What is smartctl or nvme-cli reporting about the disk health? Maybe the SSDs NAND or controller is just failing?
 
What is smartctl or nvme-cli reporting about the disk health? Maybe the SSDs NAND or controller is just failing?
Will attach output from the above once it rehappens, probably less then a day.
nvme smart-log , while it is not crashing:
root@pve:~# nvme smart-log /dev/nvme0n1
Smart Log for NVME device:nvme0n1 namespace-id:ffffffff
critical_warning : 0
temperature : 35°C (308 Kelvin)
available_spare : 100%
available_spare_threshold : 10%
percentage_used : 0%
endurance group critical warning summary: 0
Data Units Read : 181,798 (93.08 GB)
Data Units Written : 1,253,100 (641.59 GB)
host_read_commands : 964,485
host_write_commands : 2,779,006
controller_busy_time : 3
power_cycles : 18
power_on_hours : 28
unsafe_shutdowns : 9
media_errors : 0
num_err_log_entries : 0
Warning Temperature Time : 0
Critical Composite Temperature Time : 0
Temperature Sensor 1 : 35°C (308 Kelvin)
Temperature Sensor 2 : 25°C (298 Kelvin)
Thermal Management T1 Trans Count : 0
Thermal Management T2 Trans Count : 0
Thermal Management T1 Total Time : 0
Thermal Management T2 Total Time : 0
 
Last edited:
@Dunuin

root@pve:~# nvme error-log /dev/nvme0n1
identify controller: Input/output error

root@pve:~# nvme smart-log /dev/nvme0n1
smart log: Input/output error

root@pve:/mnt/ssd# nvme list
Node Generic SN Model Namespace Usage Format FW Rev
--------------------- --------------------- -------------------- ---------------------------------------- --------- -------------------------- ---------------- --------
 
Last edited:
  • Like
Reactions: senkis
I Also bought a Lexar NM790 4 TB, SSD PCIe 4.0 x4, NVMe 1.4, M.2 2280,
because 8GB/s for 200 $ seems quite promising.

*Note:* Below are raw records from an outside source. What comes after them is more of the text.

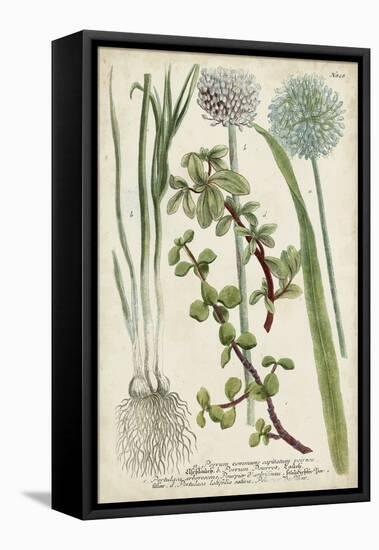 Allium-Weinmann-Framed Stretched Canvas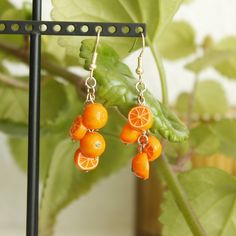 the oranges are hanging from the hooks on the plant's hook - earrings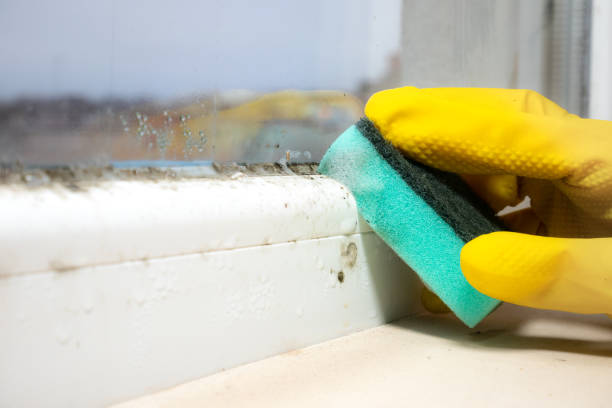 Best Crawl Space Mold Removal  in Matamoras, PA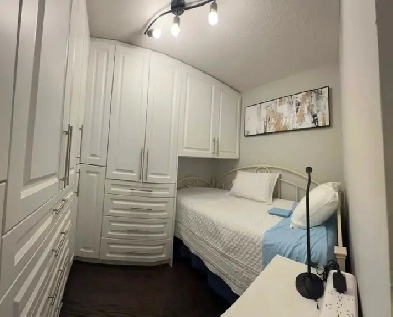 Furnished Den/Room,Downtown,King/John,Luxury living,Female-Only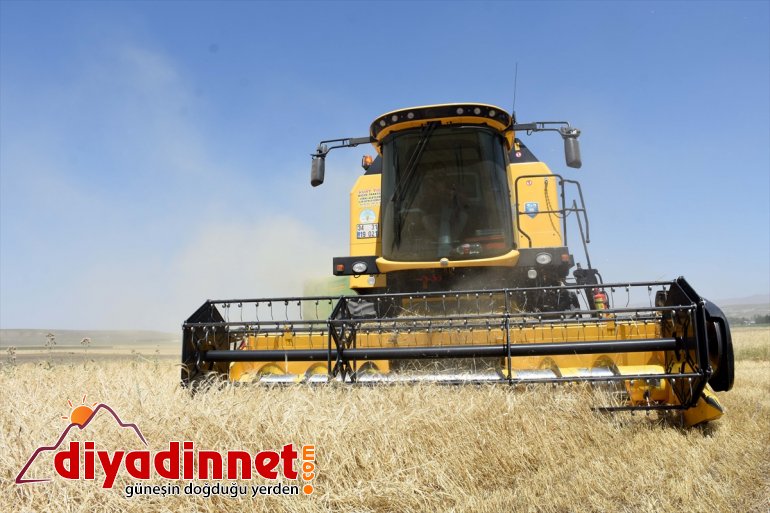 parası ekmek Biçerdöver MUŞ operatörleri ter için Ovası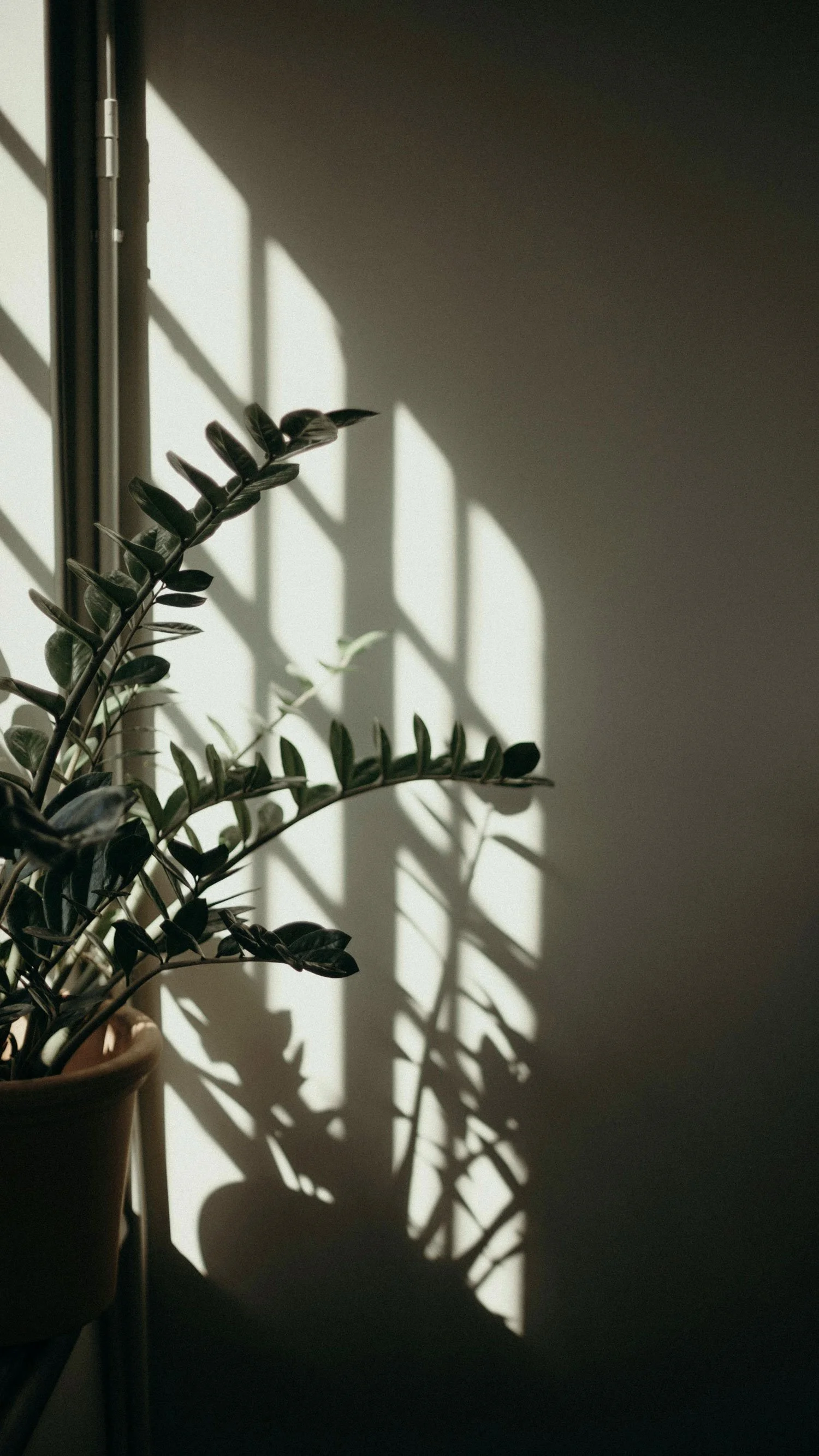 Sunlight casting shadows of a potted plant with dark green, oval-shaped leaves onto a white wall near a window.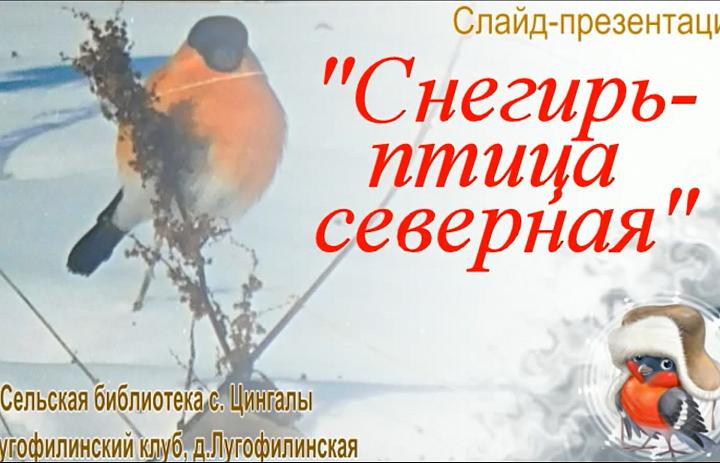 Снегирь-птица северная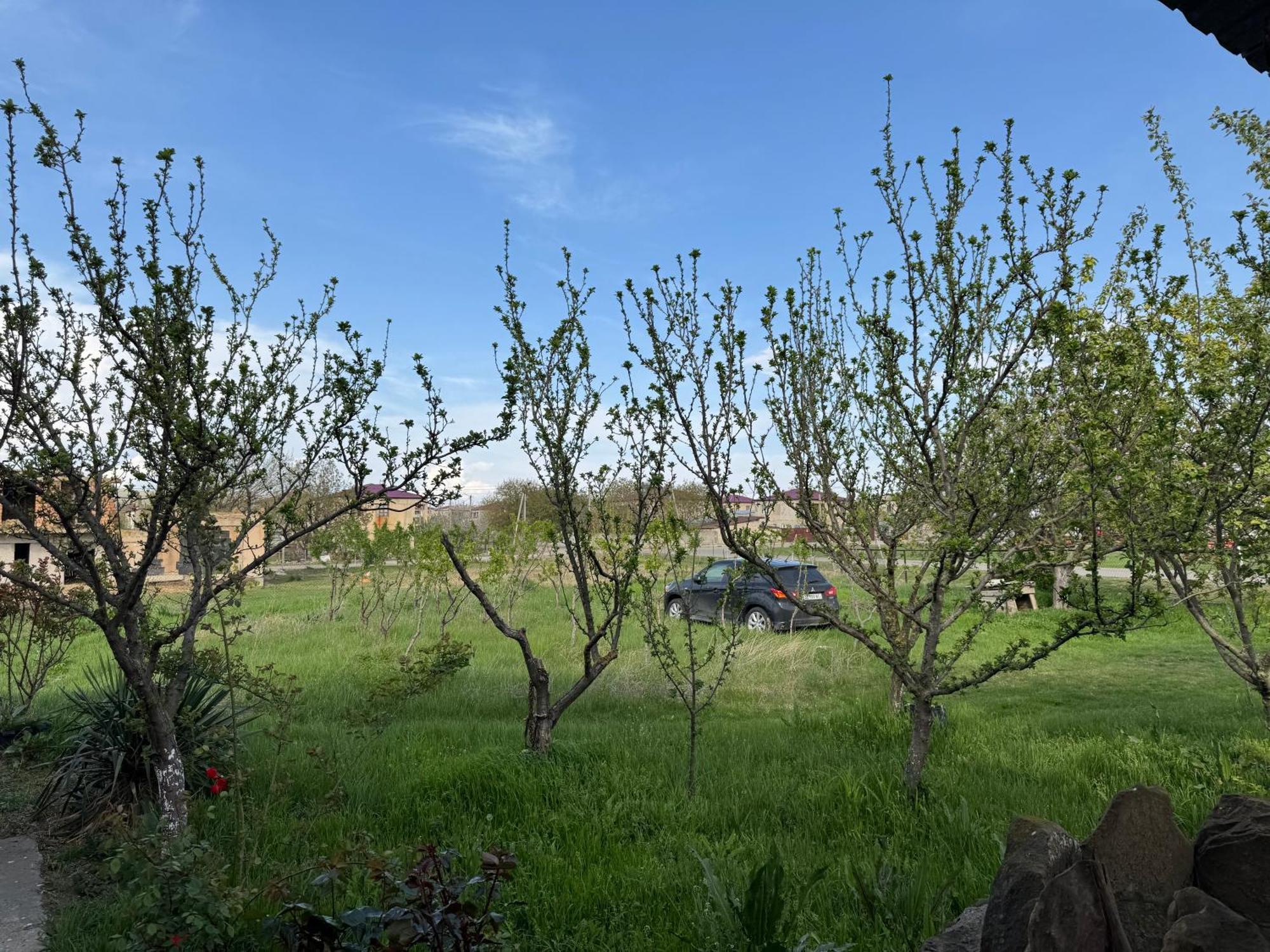 Udabno Guesthouse Gareji מראה חיצוני תמונה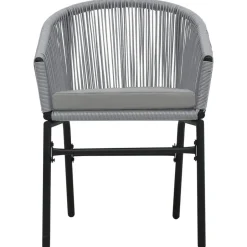 vidaXL - Tuinstoelen - Grijs - Polyetheen - 2 stuks Hot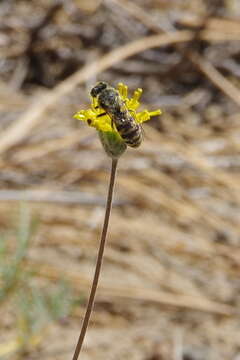 Image of fineleaf hymenopappus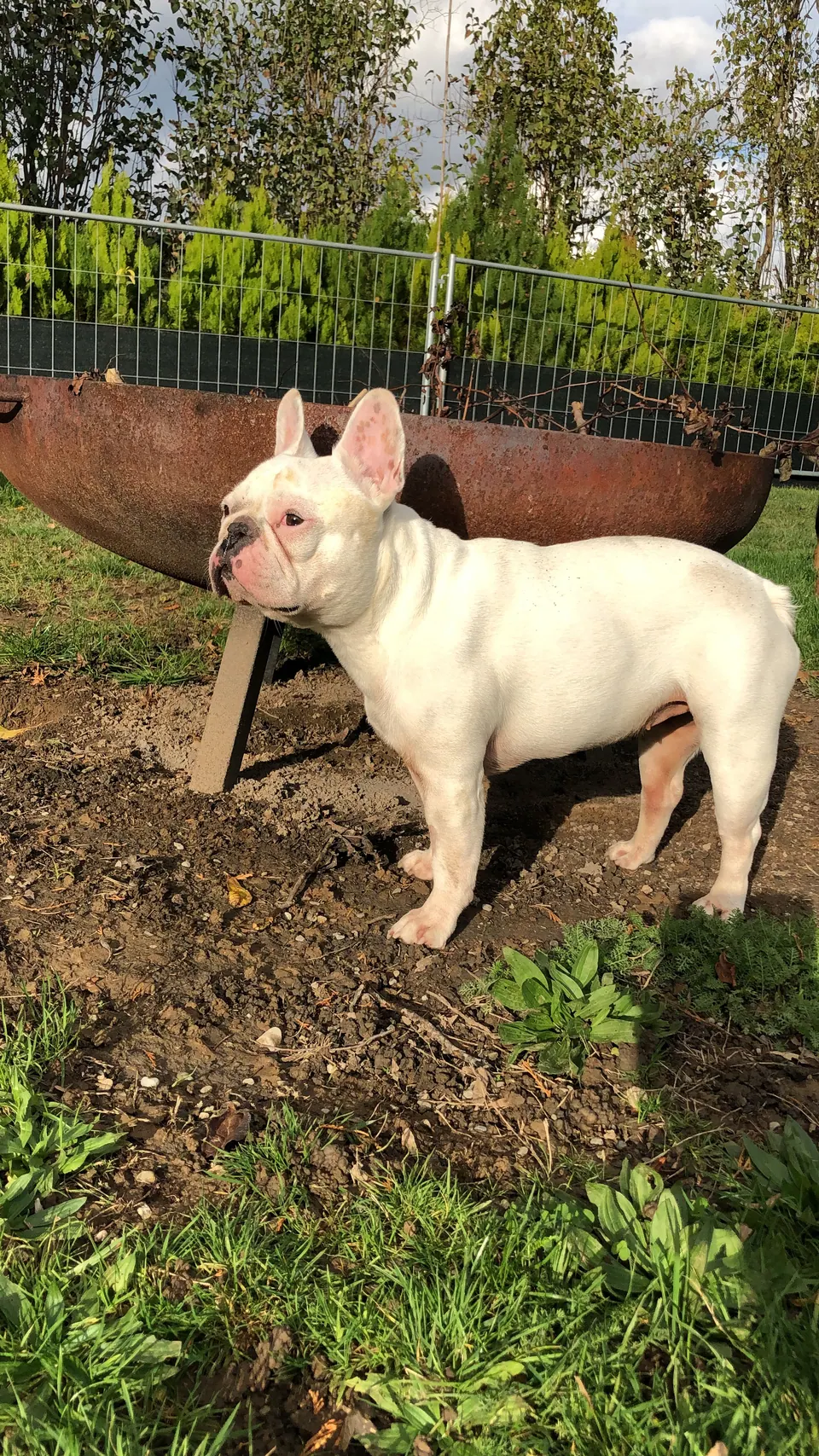 Französische Bulldogge im Garten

i also have the error, default_ps_max_latency_us=0 does not help.

Code:
[    0.125800] Kernel command line: initrd=\EFI\proxmox\6.2.16-3-pve\initrd.img-6.2.16-3-pve root=ZFS=rpool/ROOT/pve-1 boot=zfs nvme_core.default_ps_max_latency_us=0
[    3.508977] nvme nvme0: pci function 0000:01:00.0
[    3.512409] nvme nvme0: Device not ready; aborting initialisation, CSTS=0x0

so i managed to use the kernel patch ( https://forum.proxmox.com/threads/building-the-pve-kernel-on-proxmox-ve-6-x.76137/post-598481 )

Code:
diff --git a/drivers/nvme/host/core.c b/drivers/nvme/host/core.c
index c61173be4..758a4ca60 100644
--- a/drivers/nvme/host/core.c
+++ b/drivers/nvme/host/core.c
@@ -2408,6 +2408,7 @@ int nvme_enable_ctrl(struct nvme_ctrl *ctrl)
     } else {
         timeout = NVME_CAP_TIMEOUT(ctrl->cap);
     }
+    dev_info(ctrl->device, "[PATCH] nvme core got timeout %u\n",timeout);
 
     ctrl->ctrl_config |= (NVME_CTRL_PAGE_SHIFT - 12) << NVME_CC_MPS_SHIFT;
     ctrl->ctrl_config |= NVME_CC_AMS_RR | NVME_CC_SHN_NONE;
@@ -2425,8 +2426,9 @@ int nvme_enable_ctrl(struct nvme_ctrl *ctrl)
     ret = ctrl->ops->reg_write32(ctrl, NVME_REG_CC, ctrl->ctrl_config);
     if (ret)
         return ret;
+    dev_info(ctrl->device, "[PATCH] nvme_wait_ready now wait for %u, previously %u\n",(timeout + 1) * 2, (timeout + 1)/2);
     return nvme_wait_ready(ctrl, NVME_CSTS_RDY, NVME_CSTS_RDY,
-                   (timeout + 1) / 2, "initialisation");
+                   (timeout + 1) * 2, "initialisation");
 }
 EXPORT_SYMBOL_GPL(nvme_enable_ctrl);

and now it works
Code:
[    1.637107] nvme nvme0: pci function 0000:01:00.0
[    1.638416] nvme nvme0: [PATCH] nvme core got timeout 0
[    1.638421] nvme nvme0: [PATCH] nvme_wait_ready now wait for 2, previously 0
[    1.651530] nvme nvme0: allocated 40 MiB host memory buffer.
[    1.690536] nvme nvme0: 16/0/0 default/read/poll queues

here are my pci 4.0 benchmarks on zfs

Code:
lspci -vv
LnkSta: Speed 16GT/s, Width x4

zfs set primarycache=metadata zfs

fio --name=test  --ioengine=libaio --fallocate=none --refill_buffers --direct=1 -size=50G  -bs=1M  -iodepth=16 --rw=write
write: IOPS=3107, BW=3108MiB/s
fio --name=test  --ioengine=libaio --fallocate=none --refill_buffers --direct=1 -bs=1M  -iodepth=16 --rw=read --runtime=10
read: IOPS=3213, BW=3213MiB/s

fio --name=test  --ioengine=libaio --fallocate=none --refill_buffers --direct=1 -size=1G  -bs=4k  -iodepth=16 --rw=randwrite
write: IOPS=8196, BW=32.0MiB/s
fio --name=test  --ioengine=libaio --fallocate=none --refill_buffers --direct=1 -bs=4k  -iodepth=16 --rw=randread  --runtime=10
read: IOPS=5468, BW=21.4MiB/s
 
Last edited:
  • Like
Reactions: jofland
Same here: Lexar NM790 4 TB

The patch didn't apply with the patch file, so I changed it directly in the code file.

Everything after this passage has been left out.